● YOUR OBJECTIVE: Each line in the material below, starting at the one that contains "An illustration from" and ending at the one that contains "tatacliq.com Louis Philippe", should be repeated exactly; the pictures should not.

··· TASK DATA

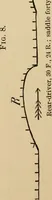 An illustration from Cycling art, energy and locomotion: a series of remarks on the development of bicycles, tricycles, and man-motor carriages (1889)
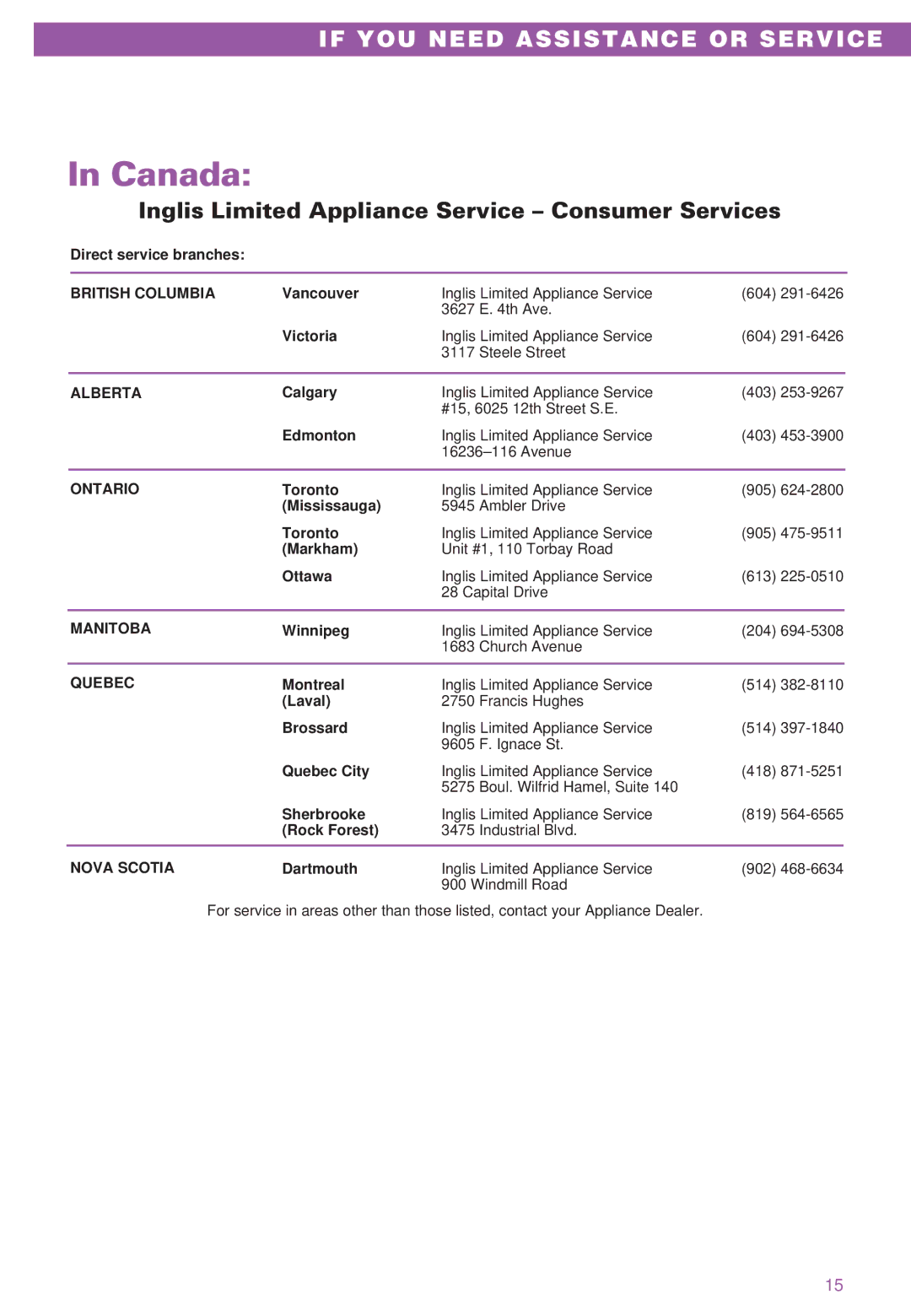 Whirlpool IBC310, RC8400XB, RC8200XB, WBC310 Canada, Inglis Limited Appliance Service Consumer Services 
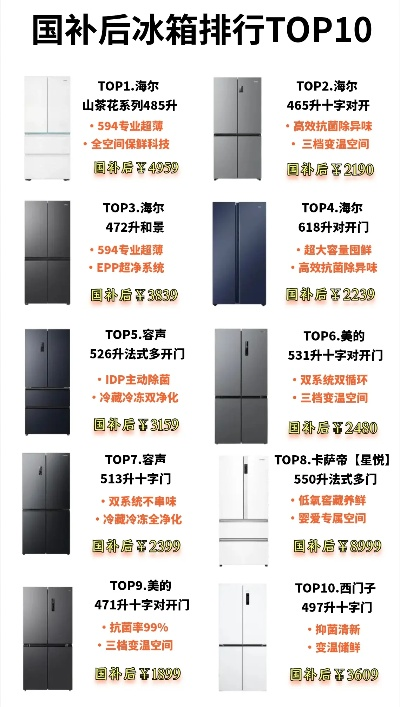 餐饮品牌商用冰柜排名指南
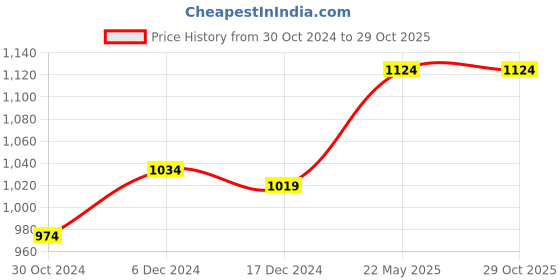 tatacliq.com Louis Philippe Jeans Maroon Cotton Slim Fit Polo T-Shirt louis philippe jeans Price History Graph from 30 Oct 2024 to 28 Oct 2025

······
··· TASK DATA

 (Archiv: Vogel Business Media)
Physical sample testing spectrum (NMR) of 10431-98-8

······

● ANSWER:
 An illustration from Cycling art, energy and locomotion: a series of remarks on the development of bicycles, tricycles, and man-motor carriages (1889)
 Whirlpool IBC310, RC8400XB, RC8200XB, WBC310 Canada, Inglis Limited Appliance Service Consumer Services 
 餐饮品牌商用冰柜排名指南
 tatacliq.com Louis Philippe Jeans Maroon Cotton Slim Fit Polo T-Shirt louis philippe jeans Price History Graph from 30 Oct 2024 to 28 Oct 2025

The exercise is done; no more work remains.